Busy Boris Johnson has, allegedly, returned from his elongated holiday. A global crisis was not enough to get him to send a sympathy card to Qassem Soleimani’s family. But, according to an anonymous Downing Street “source”, he is back in the UK and has set his alarm for Prime Minister’s Questions.
PMQs is an anachronistic ritual in which the Prime Minister is questioned and expected to answer. Johnson has shown his support for this tradition by staying away, as he cannot then be accused of lying.
However, the first PMQs of the year is different. Johnson has been warned that if he doesn’t turn up this time there is no point calling it Prime Minister’s Questions. Nobody is interested in Random Numpty’s Questions. So he has set his alarm clock for noon on the dot so he might catch the last five minutes of it.
Johnson apologist Mark O’Vonner explained the PM’s position. “Apart from horizontal, ha ha!” he quipped. “They say absence makes the heart grow fonder.

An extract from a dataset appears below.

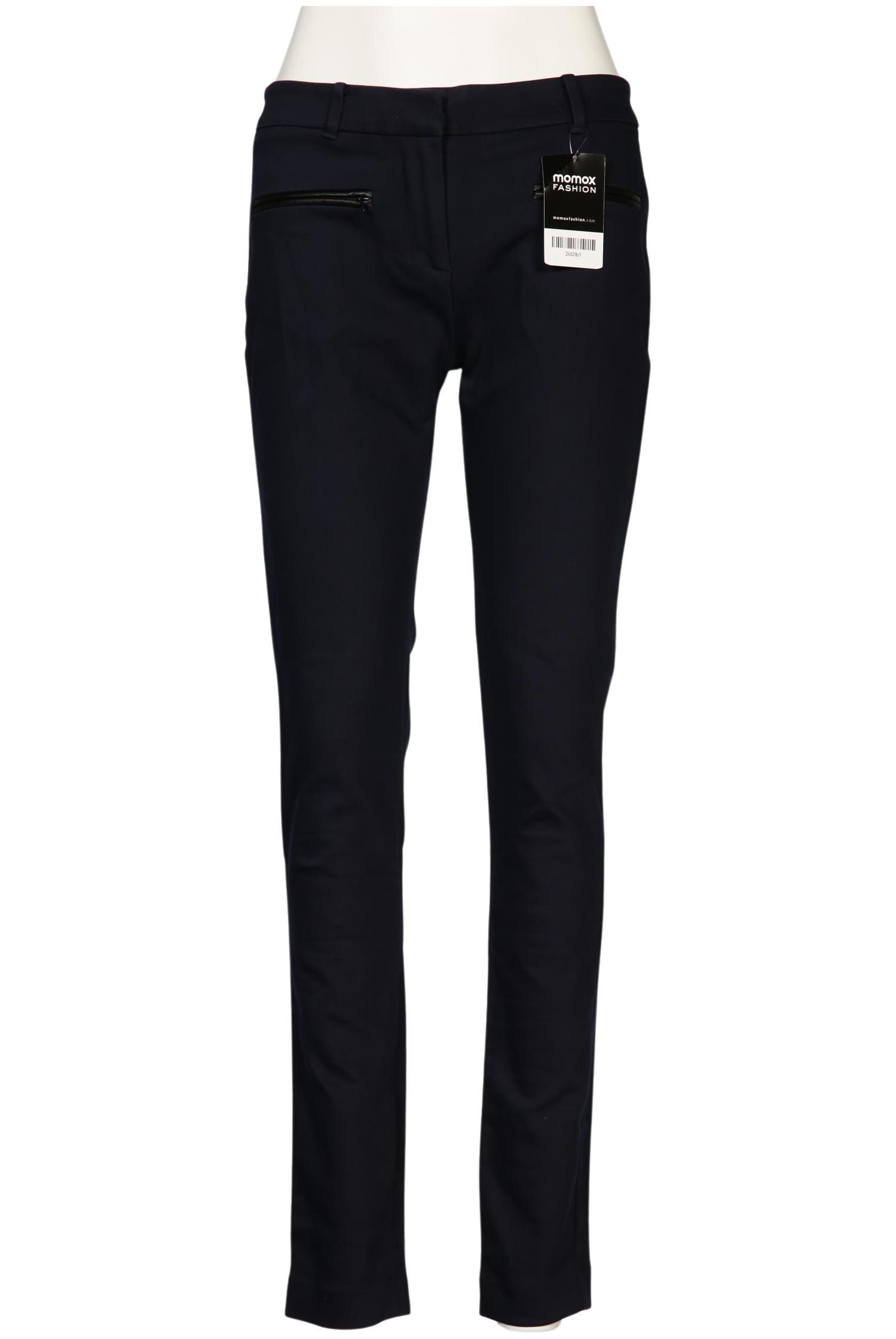 

Tommy Hilfiger Damen Stoffhose, marineblau, Gr. 6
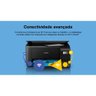 Impressora Multifuncional 3 em 1 Ecotank Wi-fi L3250 - Epson - 5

Everyone loves someone who isn’t there. That’s why Boris is keeping a low profile, his approval ratings are going through the roof!”
The Soleimani affair is a case in point, claims O’Vonner. “It’s best in such instances to keep out of sight,” he said. “If there is nothing you can say to improve matters, it’s better to say nothing at all. Boris has better things to do with his time than to criticise President Trump or to turn up in parliament.”

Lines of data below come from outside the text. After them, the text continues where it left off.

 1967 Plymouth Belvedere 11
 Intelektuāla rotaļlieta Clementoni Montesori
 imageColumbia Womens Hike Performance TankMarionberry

Experienced Boris watchers agree that building a bridge from Number Ten to Westminster might be enough to tempt him out of bed and into work a little more often. So when he arrives, several hours late, bleary and tousled from a long morning’s trysting, he can quite literally take the high ground, and be hailed as a hero.
Even better if parliament installs a nice handy fridge in case any of the questions are a bit tricky.